We were lucky to catch up with Bryan Maddock recently and have shared our conversation below.
Bryan, thanks for joining us, excited to have you contributing your stories and insights. Are you happy a creative professional? Do you sometimes wonder what it would be like to work for someone else?
Even as someone who has worked professionally as an architect in leading design practices around the world, I always wondered “could my time be used better than this?” As artists, I think there is still some mental pre-programming that our work is only as good as what we can charge for it, and this conceit got even stranger when you work a structured 60 hour work week for clients that don’t necessarily know what it takes to be ‘creative’ or to deliver the results they expect.

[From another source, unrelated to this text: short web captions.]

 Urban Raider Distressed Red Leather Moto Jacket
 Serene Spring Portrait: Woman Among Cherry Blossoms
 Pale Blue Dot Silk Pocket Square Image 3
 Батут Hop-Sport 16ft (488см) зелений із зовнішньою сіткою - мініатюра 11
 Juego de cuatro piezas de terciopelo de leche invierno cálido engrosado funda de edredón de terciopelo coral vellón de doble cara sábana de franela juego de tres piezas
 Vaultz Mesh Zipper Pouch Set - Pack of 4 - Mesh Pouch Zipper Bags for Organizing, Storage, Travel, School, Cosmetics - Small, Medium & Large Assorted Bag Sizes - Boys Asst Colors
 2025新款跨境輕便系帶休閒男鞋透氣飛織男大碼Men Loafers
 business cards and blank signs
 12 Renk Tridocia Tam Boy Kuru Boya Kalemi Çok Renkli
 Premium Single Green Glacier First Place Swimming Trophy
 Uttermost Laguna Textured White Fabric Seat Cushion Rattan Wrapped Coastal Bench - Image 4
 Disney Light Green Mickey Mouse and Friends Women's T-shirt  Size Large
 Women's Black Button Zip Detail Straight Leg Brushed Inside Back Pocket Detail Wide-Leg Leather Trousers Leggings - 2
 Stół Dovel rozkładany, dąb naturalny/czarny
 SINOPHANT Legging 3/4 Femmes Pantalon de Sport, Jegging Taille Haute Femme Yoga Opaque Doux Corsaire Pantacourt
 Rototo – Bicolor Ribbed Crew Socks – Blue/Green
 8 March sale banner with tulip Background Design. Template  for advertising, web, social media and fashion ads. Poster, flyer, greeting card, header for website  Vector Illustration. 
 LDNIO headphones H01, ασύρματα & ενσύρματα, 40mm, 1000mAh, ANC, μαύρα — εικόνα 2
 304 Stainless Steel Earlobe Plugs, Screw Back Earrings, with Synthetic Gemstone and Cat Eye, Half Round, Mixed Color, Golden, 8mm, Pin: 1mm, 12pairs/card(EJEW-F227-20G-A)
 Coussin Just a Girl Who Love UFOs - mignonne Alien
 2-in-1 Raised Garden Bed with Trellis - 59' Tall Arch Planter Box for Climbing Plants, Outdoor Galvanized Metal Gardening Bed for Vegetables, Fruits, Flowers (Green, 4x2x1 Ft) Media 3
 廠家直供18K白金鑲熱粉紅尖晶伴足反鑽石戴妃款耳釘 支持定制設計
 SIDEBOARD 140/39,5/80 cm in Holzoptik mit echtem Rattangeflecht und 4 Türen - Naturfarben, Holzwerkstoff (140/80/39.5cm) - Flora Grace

I always think about daily work-life anecdotes from the lives of some of my favorite writers, such as Haruki Murakami, where a 4-5 hour creative morning session was the maximum they could spend on work for it to be productive or useful. The rest of the day could then be whatever it needed to be—ultimately reserving it for other aspects of life.
While teaching at ASU, my mornings were reserved for pursuing new experiments such as Dimensions. Eventually those creative mornings replaced the teaching side gig and became the primary focus of my day—a day that was completely generated by my own interests and energies rather than a day structured by the deadlines of others. Now, the Dimensions project continues to grow and evolve, but that idea of building something creative that puts the hours and priorities of each day back in my own hands hasn’t gone away.
Awesome – so before we get into the rest of our questions, can you briefly introduce yourself to our readers.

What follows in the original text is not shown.